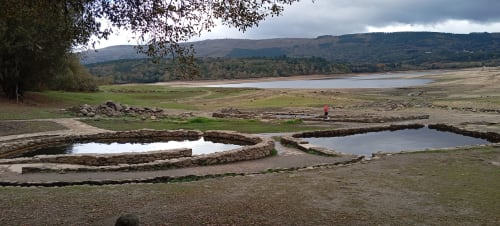 Piscinas rústicas de madera en paisaje herboso con vistas al río en Aldea Rural Santo André, Ourense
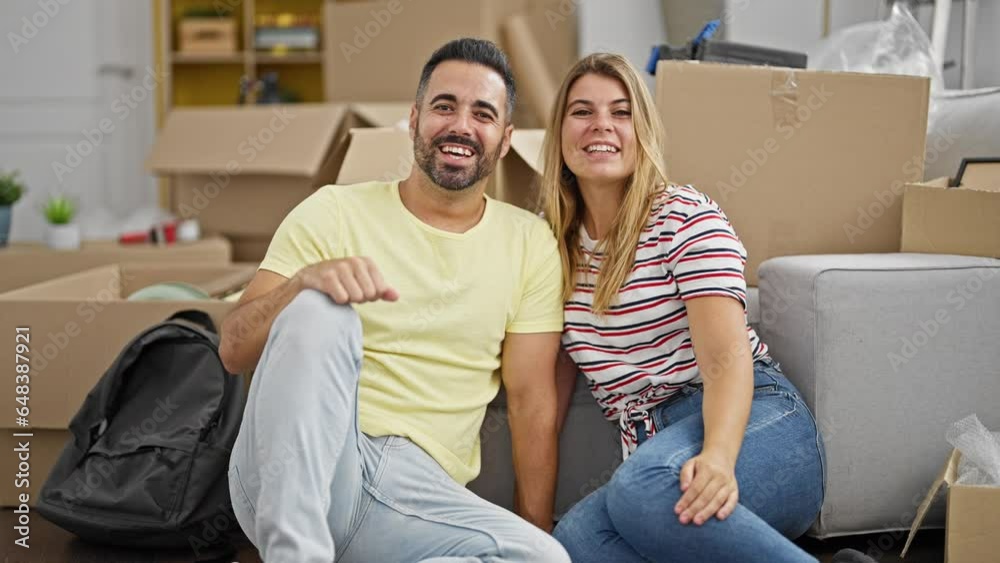 Man and woman couple having video call sitting on floor at new home Man and woman couple having video call sitting on floor at new home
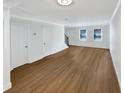 Open living space featuring hardwood floors, neutral paint, and multiple windows for natural light at 165 N River Dr # B, Atlanta, GA 30350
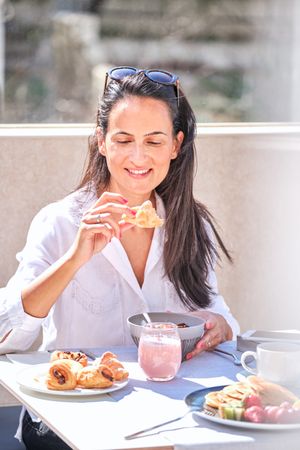 Positive woman eating delicious croissant for breakfast in sunny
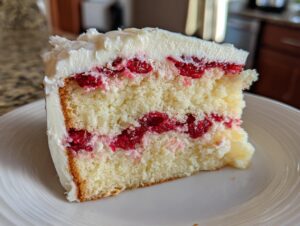 A close-up slice of white chocolate raspberry layer cake showing three layers of moist cake, raspberry filling, and white frosting.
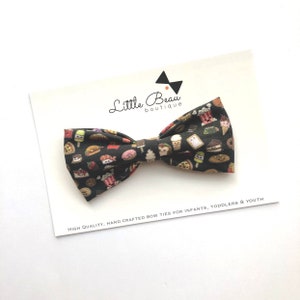 Könnte beinhalten: Eine schwarze Fliege mit einem sich wiederholenden Muster aus Cartoon-Essen, darunter Pizza, Eiscreme und Sushi. Die Fliege liegt auf einer weißen Karte mit dem Text "Little Beau boutique" und "HIGH QUALITY, HAND CRAFTED BOW TIES FOR INFANTS, TODDLERS & YOUTH."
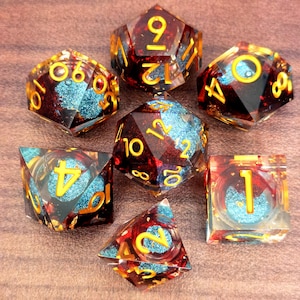 May include: Set of seven polyhedral dice with a red and gold color scheme, with blue glitter accents. The dice have gold numbers and are designed for tabletop gaming. The dice are made of resin.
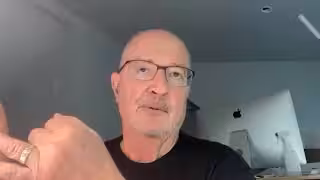 Screenshot of a bald man with a mustache and glasses wearing a black shirt, who looks up and gestures with his left hand.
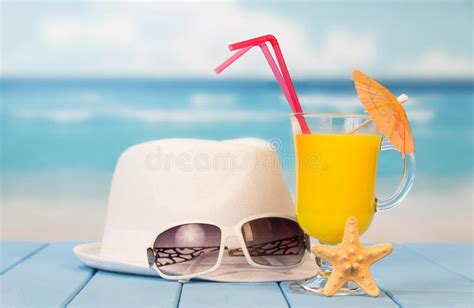 Straw Hat With A Exotic Cocktail And Sunglasses On Sand Beach Stock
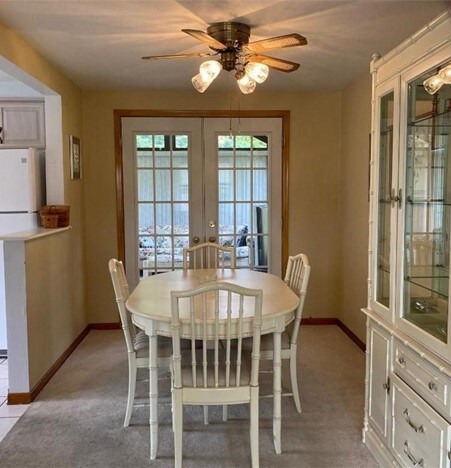 The Dining area has french doors which open to the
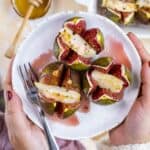 Hands holding a plate of goat cheese stuffed figs.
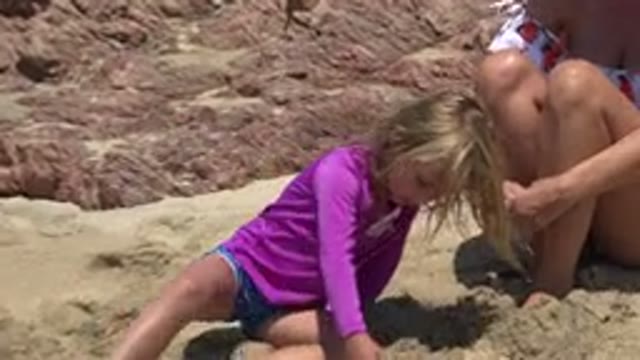 CABO SAN LUCAS MEXICO-2019: Girl Wearing Purple Shirt Walks To Woman Wearing Tan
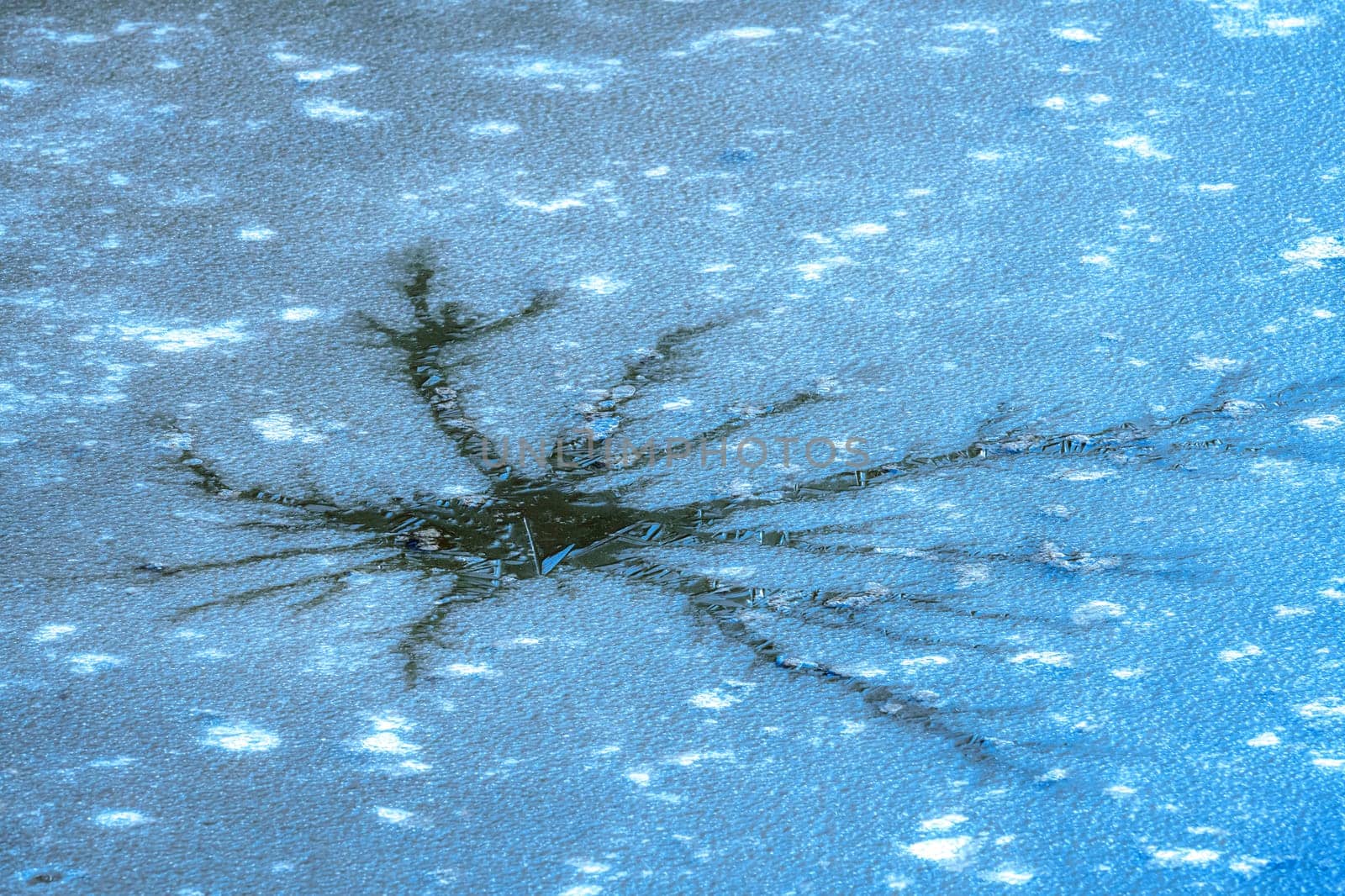 Abstract image of a crack in the ice cover of a muddy lake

= = = = = = =

WHAT YOU WILL DO: Exactly the lines above from the one that contains "Open living space" down to the one that contains "Screenshot of a" are to be output, both ends kept and pictures omitted.

RESULT BELOW:
 Open living space featuring hardwood floors, neutral paint, and multiple windows for natural light at 165 N River Dr # B, Atlanta, GA 30350
 Positive woman eating delicious croissant for breakfast in sunny
 A close-up slice of white chocolate raspberry layer cake showing three layers of moist cake, raspberry filling, and white frosting.
 Könnte beinhalten: Eine schwarze Fliege mit einem sich wiederholenden Muster aus Cartoon-Essen, darunter Pizza, Eiscreme und Sushi. Die Fliege liegt auf einer weißen Karte mit dem Text "Little Beau boutique" und "HIGH QUALITY, HAND CRAFTED BOW TIES FOR INFANTS, TODDLERS & YOUTH."
 May include: Set of seven polyhedral dice with a red and gold color scheme, with blue glitter accents. The dice have gold numbers and are designed for tabletop gaming. The dice are made of resin.
 Screenshot of a bald man with a mustache and glasses wearing a black shirt, who looks up and gestures with his left hand.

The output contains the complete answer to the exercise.